President Barzani welcomes the German Parliament's classification of ISIS crimes against the Yezidis as genocide

President Barzani welcomes the German Parliament's classification of ISIS crimes against the Yezidis as genocide

Jan 23 2023

ARK News… President Masoud Barzani on Saturday welcomed the decision of the German Parliament (Bundestag) to classify ISIS crimes against the Yezidis as "genocide."

The German parliament, the Bundestag, approved a memorandum classifying what ISIS committed against the Yezidis as "genocide," and recommended a series of assistance measures for the Yezidis.

President Masoud Barzani wrote on his Twitter account that the Bundestag's decision to recognize the genocide against the Yazidi Kurds is "extremely appreciated and proud."

"We renew our gratitude to Germany and call on our other Western allies to take similar measures, to classify these atrocities as acts of genocide," he added.

The text of the German parliament's decision stated that "the primary goal of ISIS was the complete elimination of the Yazidi community," adding, "More than 5,000 Yazidis were tortured and brutally killed by ISIS, especially in 2014."

The decision indicated that the Yezidi men were "forced to convert (their religion), and in the event of refusal, they were immediately executed or deported and turned into forced labor slaves."

Girls and women were subjected to "enslavement, rape, and sale," as the parliamentary memorandum adds, which indicates that "sexual violence ... aims to strip communities of their humanity, humiliate and fragment them," and therefore, "Parliament (Bundestag) considers the crimes committed against the Yezidi community genocide."

Belgium, Australia, and the Netherlands have already recognized the genocide against the Yazidis.

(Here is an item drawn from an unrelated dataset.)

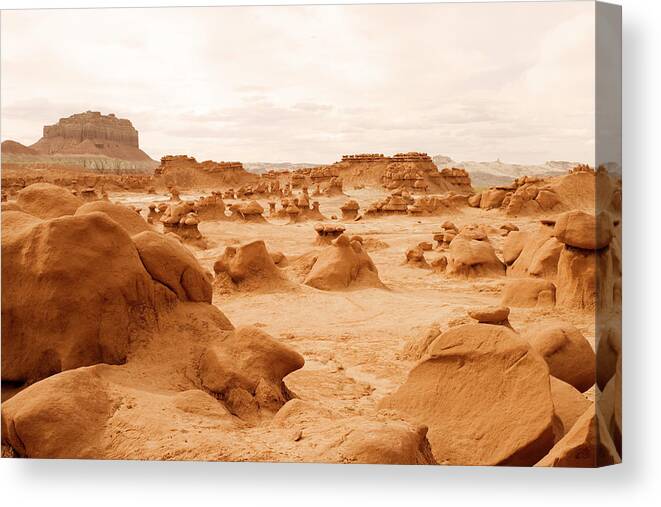 Scenics Canvas Print featuring the photograph Goblin Valley, Ut by Jhorrocks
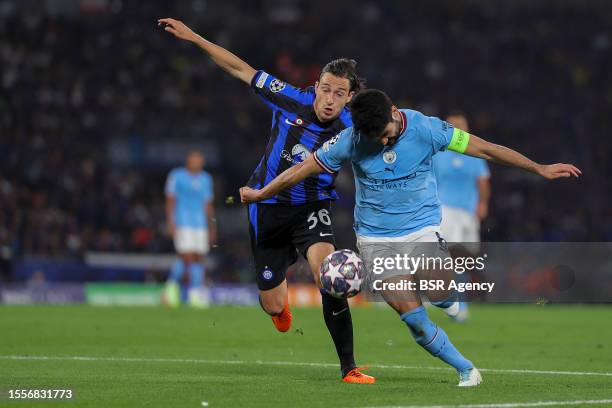 Matteo Darmian of FC Internazionale Milano, Ilkay Gundogan of Manchester City during the UEFA Champions League Final match between Manchester City FC...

The decision of the German Parliament stipulates a series of demands directed at the German government, from prosecutions against suspects in Germany, financial support, as well as evidence collection in Iraq, to the rebuilding of destroyed Yazidi housing complexes.

Germany, which has the largest Yazidi community in the world, is one of the few countries that has pursued a judicial process regarding the practices of the "ISIS" organization against the Yazidis.

Last November, the German judiciary convicted an Iraqi of committing "massacres of genocide" against the Yazidis, at a time when a German woman suspected of belonging to the "ISIS" organization is being tried for persecuting and enslaving a Yazidi woman.

A special UN investigation team announced in May 2021 that it had collected "clear and convincing evidence" that ISIS had committed genocide against the Yazidis.